Judges May Deflate Massive Opportunity By Declaring Uber, Lyft Drivers 'Employees' Rather Than Independent Contractors
from the this-won't-help-anyone dept
There are two big lawsuits that had hearings last week in California concerning how the car hailing (since some people get upset at the term “ride sharing”) services Lyft and Uber operate. Both companies insist that what they provide is, in effect, a service marketplace, in which buyers (riders) and sellers (drivers) can connect (at preset prices) for rides. Under such a setup, the drivers have always been considered independent contractors who are using Lyft and Uber to find riders. Yet in both of these lawsuits drivers are trying to get themselves declared employees of the company, rather than independent contractors. So far, that argument seems to be winning as Judge Vincent Chhabria in the Lyft case on Thursday and Judge Edward Chen in the Uber case on Friday indicated that the drivers have a strong case.
In the press, many have focused on the emails that were revealed in the Uber case (which Uber sought to block, claiming they were trade secrets), in which Uber employees gleefully and profanely discuss banning bad drivers. The drivers argue that this shows that Uber had the ability to terminate their employment, making them more like employees. But that doesn’t make much sense, and if true, it could present problems for all sorts of online services. Plenty of sites, from eBay to Yelp to Twitter all involve outside users making use of their platform — where the companies have the right to terminate their use of the platform, but that doesn’t make the users “employees.”
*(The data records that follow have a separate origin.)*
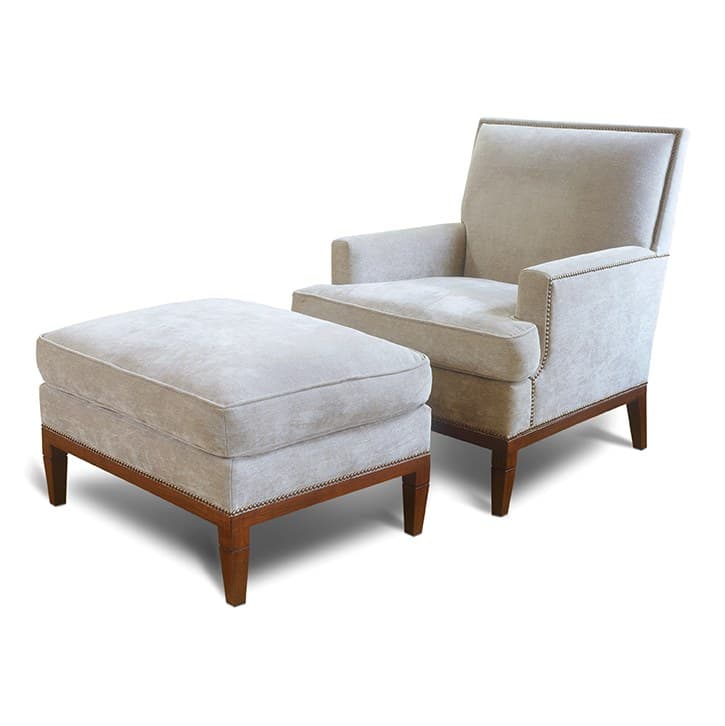 Valentín Lounge Chair on a white background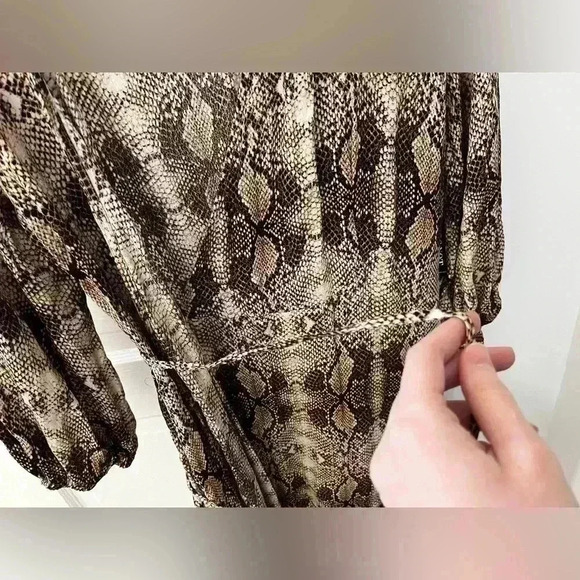 NWT New York & Co Wrap around‎ dress - Picture 8 of 9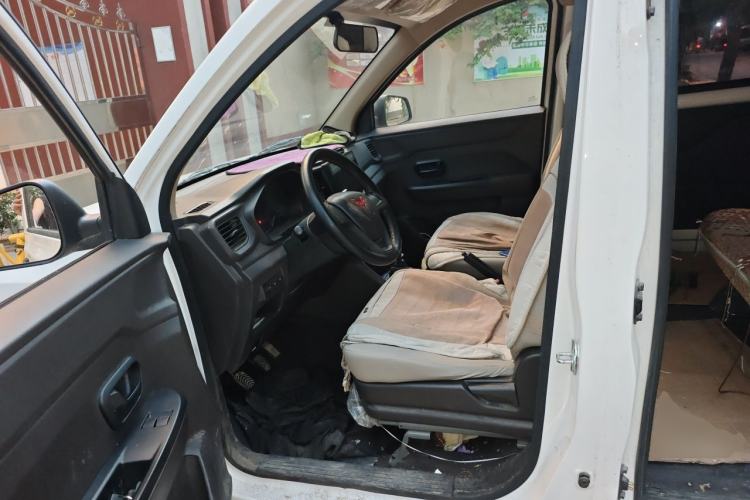 Used Wuling Hongguang V 2022 1.5L Jingqu Version Hydraulic Power Steering LAR Driver Seat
The IRS Guidelines on the difference between an independent contractor and an employee, under my reading, seem to clearly indicate these drivers are independent contractors. They set their own hours. They provide their own equipment. They decide how to go about completing the job.
This case, in many ways, reminds me of similar attempts to have independent users declared employees. Not too long ago, some Yelp reviewers sought to be declared employees. And, back in 1999, a bunch of AOL volunteer chat room monitors sued to be declared employees of AOL. AOL eventually paid up to settle that lawsuit, but all of these kinds of cases threaten internet platforms like these. When users of those platforms can suddenly demand to be called employees — with all of the related salary and benefits associated with such, it creates tremendous liability for these platforms, and makes the entire internet, and the various services it provides less useful.
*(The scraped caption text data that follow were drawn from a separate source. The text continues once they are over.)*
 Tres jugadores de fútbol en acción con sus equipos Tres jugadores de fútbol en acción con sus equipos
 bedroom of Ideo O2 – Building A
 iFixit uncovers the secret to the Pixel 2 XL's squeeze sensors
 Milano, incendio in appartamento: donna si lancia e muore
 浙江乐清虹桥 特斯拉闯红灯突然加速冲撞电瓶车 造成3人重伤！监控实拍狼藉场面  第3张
The drivers in these cases are relying on a recent precedent of FedEx drivers being declared employees, rather than independent contractors, but in that case, it actually makes more sense. The drivers are wearing FedEx uniforms, and often driving FedEx provided vehicles — and even there, the rulings in FedEx cases across the country have been mixed (and the cases are still going).
There certainly are companies that try to game the system to name people as contractors rather than employees, but in this case, rulings against Lyft and Uber (no matter what you think of those two companies and their business practices) could result in some serious challenges for a number of really useful services that use the internet to enable great services to the public. One hopes, at the very least, that should these rulings go the wrong way, that the federal government and various state governments will, at the very least, update their rules for employee v. contractor classifications to make sure these services can survive.